八日目の蝉のYukenzのレビュー・感想・評価

八日目の蝉(2011年製作の映画)
3.8
原作は未読ながら角田光代だし、日本アカデミー賞でかなり評価されていた事もあり、以前から気になっていた。重厚なテーマを井上真央と永作博美の実力派女優がどのように演じるのかも大変興味があった。

三つ子の魂百までと言われるように、子どもの人格や性格が形成される時期に接した大人の影響は計り知れない。その時期に全くの他人に育てられた後に両親に戻されるとは何たる試練…子にとっても親にとっても取り返すことのできない不幸体験が生涯付きまとう。実の親子でありながら、お互いがそう思えない環境での共同生活…当事者だったらと想像すると本当にゾッとしてしまう。
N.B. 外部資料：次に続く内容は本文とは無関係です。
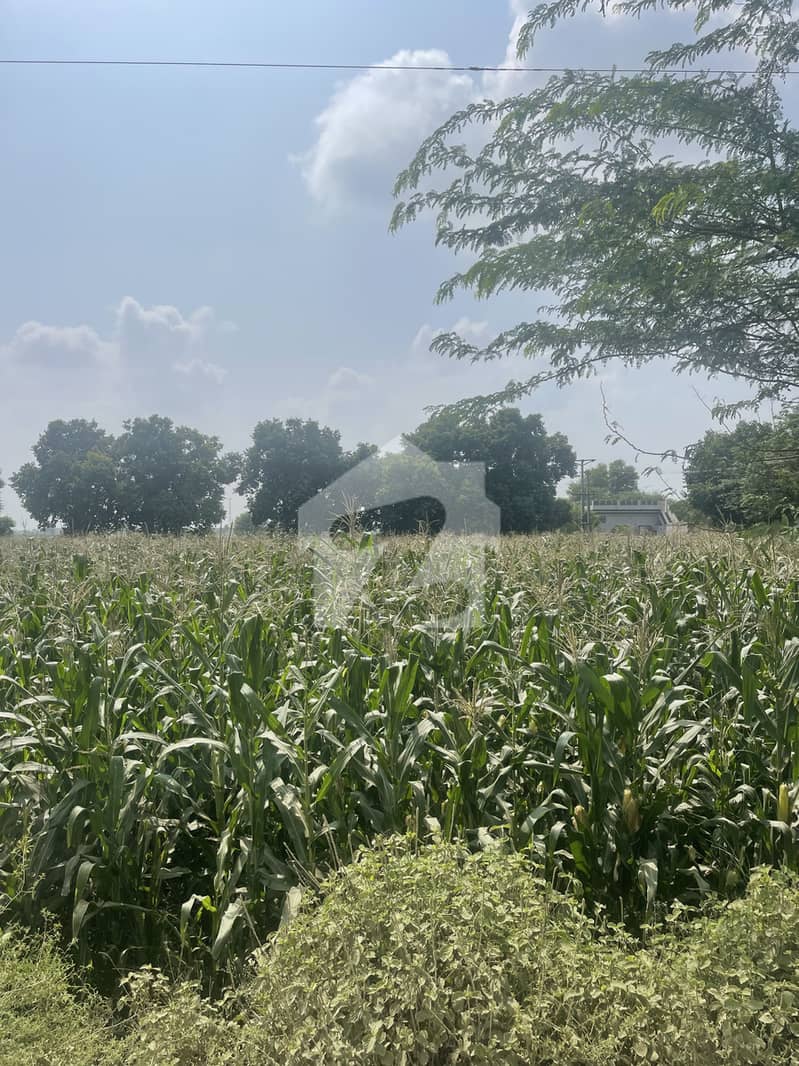 18 Acres Investment Land Daftu Mustafabad 18 Acres Investment Land Daftu Mustafabad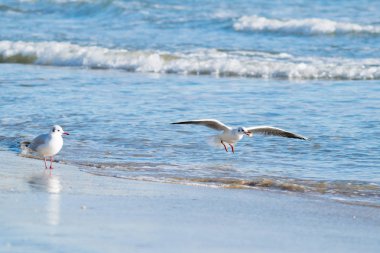 Martı beach, mavi denizi, İspanya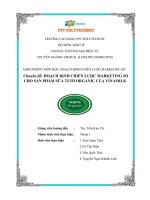 Chuyên đề HOẠCH ĐỊNH CHIẾN lược MARKETING số CHO sản PHẨM sữa tươi ORGANIC của VINAMILK 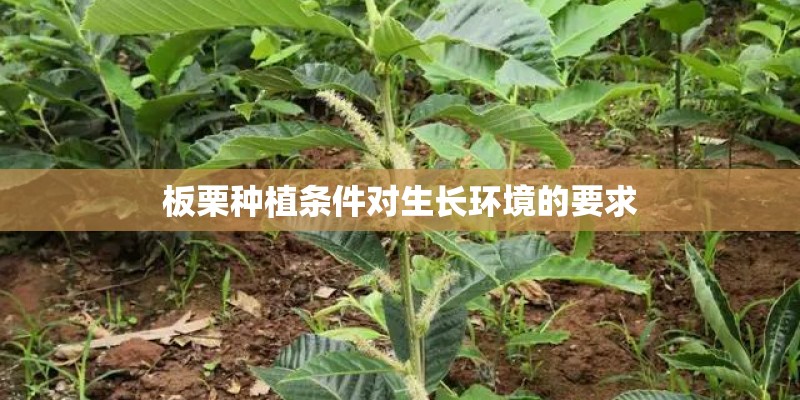 板栗种植条件对生长环境的要求 板栗种植条件对生长环境的要求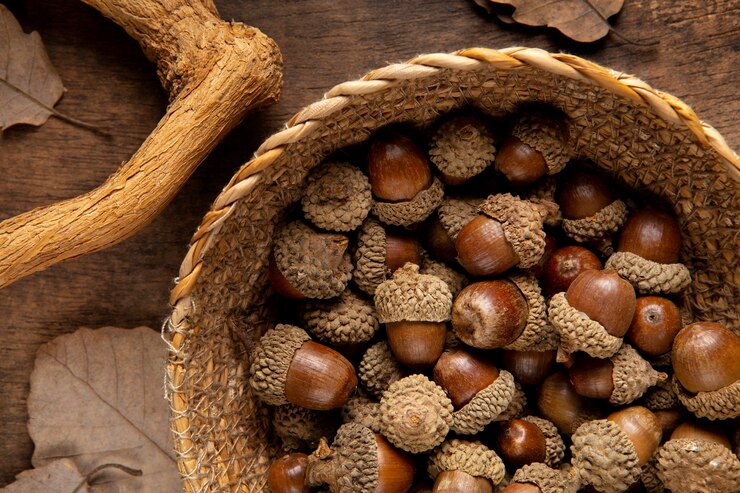 Chestnut Market 2024-2032: Share, Size, Trends, Scope, Analysis and Forecast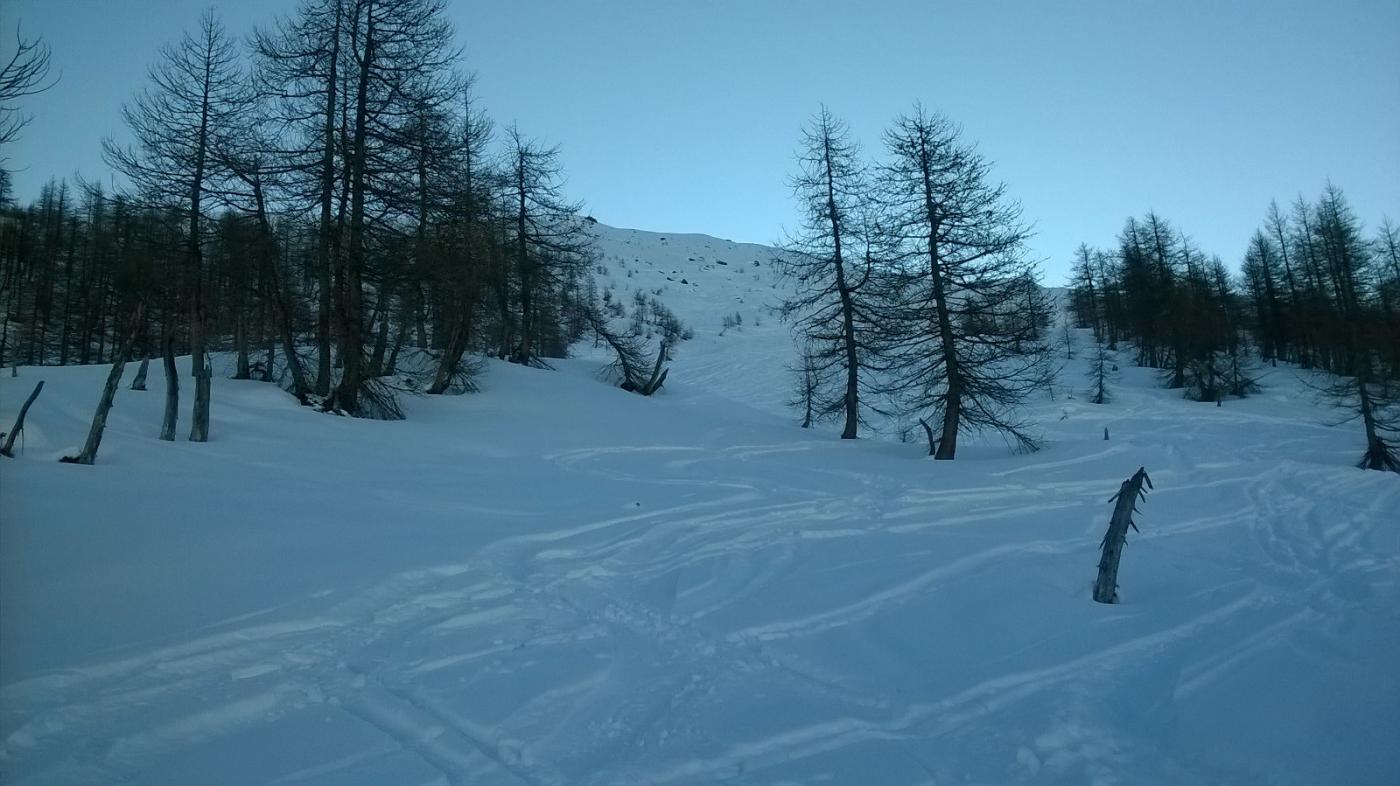 Alla fine del bosco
衝動的に愛人の赤ん坊を奪った女を永作博美が演じるが、我が子でない相手に対して母性を発揮し愛情たっぷりに接する姿が痛々しくも健気で、決して許される事ではないが、束の間ながら幸せを与えている姿には何故か感情移入してしまう。いい演技しているなと思う。

実の両親から引き離され物心がつくまで他人に育てられた女のその後を井上真央が演じるが、こちらも複雑な環境に接して健全な精神発達が阻害された”訳あり感”を上手く見せつけてくれた。かつて自分を奪い去った女の影を追い、自らに起こった過去の事件への想いの変化、そして突きつけられた現状の問題に対して力強く決意するまでの難しい役所を見事にこなした。

彼女が施設に入所していた時に一緒に遊んでいた女の子のその後を演じた小池栄子がまたよかった。幼い時の環境からある障害を抱えながらも、大人になり誘拐事件を知るうちに触発されて人生を変えようと思い立つ役柄で井上真央を揺さぶる。

実母を演じた森口瑤子も流石の実力派で、血の繋がった娘が懐いてくれない不幸と苛立ちにもがき苦しむ様子が気の毒なほどに伝わってくる。


本作はストーリーも自分好みだったが、女優たちの見せ所も満載で大変印象に残った。もっと早くに見ておくべきだった。